_The problem_: Give the lines again, unchanged, starting with the line containing "LIME HOUSE SUSHI & RAMEN" and ending with the last line of the data below.

★ ★ ★

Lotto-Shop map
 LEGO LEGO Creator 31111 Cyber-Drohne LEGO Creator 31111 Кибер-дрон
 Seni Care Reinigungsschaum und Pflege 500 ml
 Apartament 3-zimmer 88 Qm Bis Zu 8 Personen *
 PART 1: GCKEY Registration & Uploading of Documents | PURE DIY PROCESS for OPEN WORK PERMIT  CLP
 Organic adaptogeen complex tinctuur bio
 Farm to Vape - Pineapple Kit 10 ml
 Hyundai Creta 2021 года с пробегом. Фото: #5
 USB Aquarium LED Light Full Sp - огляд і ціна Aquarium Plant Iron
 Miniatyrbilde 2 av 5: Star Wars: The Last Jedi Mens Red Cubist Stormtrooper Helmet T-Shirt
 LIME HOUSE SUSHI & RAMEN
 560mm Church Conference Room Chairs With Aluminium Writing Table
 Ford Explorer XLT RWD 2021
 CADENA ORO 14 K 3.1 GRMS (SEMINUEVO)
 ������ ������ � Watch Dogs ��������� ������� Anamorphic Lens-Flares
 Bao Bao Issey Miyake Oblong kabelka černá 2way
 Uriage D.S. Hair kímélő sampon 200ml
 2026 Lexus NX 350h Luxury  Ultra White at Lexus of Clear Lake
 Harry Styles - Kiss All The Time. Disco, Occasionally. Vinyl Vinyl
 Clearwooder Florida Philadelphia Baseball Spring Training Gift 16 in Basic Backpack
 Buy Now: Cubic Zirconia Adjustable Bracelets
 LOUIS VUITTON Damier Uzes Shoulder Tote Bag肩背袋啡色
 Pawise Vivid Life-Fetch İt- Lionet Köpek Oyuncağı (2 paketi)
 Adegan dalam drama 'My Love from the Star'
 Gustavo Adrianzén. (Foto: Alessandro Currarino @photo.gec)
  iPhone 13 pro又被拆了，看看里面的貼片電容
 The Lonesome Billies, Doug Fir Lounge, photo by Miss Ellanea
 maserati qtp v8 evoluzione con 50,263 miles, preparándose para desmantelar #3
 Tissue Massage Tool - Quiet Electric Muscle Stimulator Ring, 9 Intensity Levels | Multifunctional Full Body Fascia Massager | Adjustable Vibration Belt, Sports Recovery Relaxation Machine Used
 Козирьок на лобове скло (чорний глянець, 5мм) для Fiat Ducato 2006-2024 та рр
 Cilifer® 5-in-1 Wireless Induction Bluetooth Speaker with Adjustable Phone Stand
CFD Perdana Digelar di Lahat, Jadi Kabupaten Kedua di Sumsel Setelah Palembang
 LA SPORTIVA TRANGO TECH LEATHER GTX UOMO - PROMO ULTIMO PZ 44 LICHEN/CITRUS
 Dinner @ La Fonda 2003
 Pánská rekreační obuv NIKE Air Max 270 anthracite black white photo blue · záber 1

★ ★ ★

_Exercise response_:
 LIME HOUSE SUSHI & RAMEN
 560mm Church Conference Room Chairs With Aluminium Writing Table
 Ford Explorer XLT RWD 2021
 CADENA ORO 14 K 3.1 GRMS (SEMINUEVO)
 ������ ������ � Watch Dogs ��������� ������� Anamorphic Lens-Flares
 Bao Bao Issey Miyake Oblong kabelka černá 2way
 Uriage D.S. Hair kímélő sampon 200ml
 2026 Lexus NX 350h Luxury  Ultra White at Lexus of Clear Lake
 Harry Styles - Kiss All The Time. Disco, Occasionally. Vinyl Vinyl
 Clearwooder Florida Philadelphia Baseball Spring Training Gift 16 in Basic Backpack
 Buy Now: Cubic Zirconia Adjustable Bracelets
 LOUIS VUITTON Damier Uzes Shoulder Tote Bag肩背袋啡色
 Pawise Vivid Life-Fetch İt- Lionet Köpek Oyuncağı (2 paketi)
 Adegan dalam drama 'My Love from the Star'
 Gustavo Adrianzén. (Foto: Alessandro Currarino @photo.gec)
  iPhone 13 pro又被拆了，看看里面的貼片電容
 The Lonesome Billies, Doug Fir Lounge, photo by Miss Ellanea
 maserati qtp v8 evoluzione con 50,263 miles, preparándose para desmantelar #3
 Tissue Massage Tool - Quiet Electric Muscle Stimulator Ring, 9 Intensity Levels | Multifunctional Full Body Fascia Massager | Adjustable Vibration Belt, Sports Recovery Relaxation Machine Used
 Козирьок на лобове скло (чорний глянець, 5мм) для Fiat Ducato 2006-2024 та рр
 Cilifer® 5-in-1 Wireless Induction Bluetooth Speaker with Adjustable Phone Stand
CFD Perdana Digelar di Lahat, Jadi Kabupaten Kedua di Sumsel Setelah Palembang
 LA SPORTIVA TRANGO TECH LEATHER GTX UOMO - PROMO ULTIMO PZ 44 LICHEN/CITRUS
 Dinner @ La Fonda 2003
 Pánská rekreační obuv NIKE Air Max 270 anthracite black white photo blue · záber 1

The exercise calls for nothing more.